I’m writing this on the morning our new, post- Brexit immigration rules have been announced. It’s the lead story of the day. And everywhere I’ve seen it posted so far, it’s been illustrated by a library photo of someone pouring or serving drinks. When there’s talk of ‘unskilled labour’, clearly the first area the nation’s press thinks of is the pub and bar industry.

If I were a bar person or waiter, immigrant or born here, I’d be profoundly insulted by the use of this term – not only by the hard-right-wingers proposing these new measures, but also by those further left who oppose them. Whether you view tighter controls on immigration as a good or a bad thing, everyone seems to agree that working in a pub or bar is the perfect example of an unskilled job.

I’m not saying there are no unskilled bar staff. Rarely a week goes by when I am not served by someone who makes a mess of pouring a pint, or who doesn’t know what a cask ale is until I point out the handpumps, or who takes that same cask ale off sale when the barrel finishes because no one on duty knows how to change it.

Skills are different

But this is my point: we notice these failures because, common as they might be, they’re less than we expect from a competent member of bar staff. We expect a decent bar person to be able to pour a drink well into the correct glass, to do this with a variety of different drinks while serving a round, to take money and give the correct change (or use the card machine properly) and to do all this with a basic level of eye contact, personal acknowledgement and friendly demeanour. If that sounds like a lot to expect, you’re right – this is not an unskilled job.

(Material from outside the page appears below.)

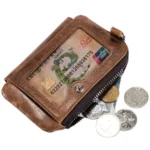 BULL CAPTAIN 01 RFID Anti-theft Multifunctional Cowhide Vertical Detachable Men Wallet - Image 8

The problem has two causes.

The first is that, as a society, we have a horrendously warped idea of what a ‘skilled job’ actually is. I may ‘always have my head in books’, as my dad used to say in a tone more critical than complementary but, unlike this Government, I recognise that my academic skills are merely different, not better than, skills that rely less on book learning and more on hands-on experience or talents that are not measured by exam papers. As well as trying to change a keg, I’ve also attempted to rake malt in a floor malting, harvest hops from their bines, graft apple trees, run a stock room, and handle orders behind a bar that’s three-deep. I made an absolute arse of myself each time. And yet, under the Government’s new points system, my academic qualifications make me more ‘skilled’ than immigrants who until now performed these jobs far better than I ever could.

The value of training

The second problem is we are guilty of undervaluing the skills we depend on. We don’t take the training of bar staff seriously enough. We don’t take enough pride in the level of skill demonstrated by those who do these jobs well. And we don’t challenge the people who label our staff as ‘unskilled’. I’ve been impressed by robust responses from industry figures such as Kate Nicholls and Steven Alton, who have made similar points, but I also meet many people in the industry who subscribe to the view that the jobs of their ‘colleagues’ jobs are unskilled, and don’t believe there’s any value in training them.

I’d like to see the people proposing these new rules do some of the jobs they regard as unskilled. To be fair to Boris Johnson, I have met him, and on the basis of that meeting I think he’d make a far better barman than he does a Prime Minister. Born into a different family and sent to a different school, I have no doubt he would have been. But I’d love to see Priti Patel trying to clean a cask line, or Dominic Cummings keep his cool behind a city centre bar at 10.45pm on the last Friday before Christmas.

The notion of work that is skilled or unskilled is an artificial construct that has always been wrong and is, suddenly, a lot more dangerous. The media could have chosen builders, bricklayers or fruit pickers to illustrate their coverage of these new policies, and a similar argument about what constitutes skill could be made for each job. But they didn’t: they all directed us to think about our pub and bar staff. This is a slur that should be challenged at every opportunity.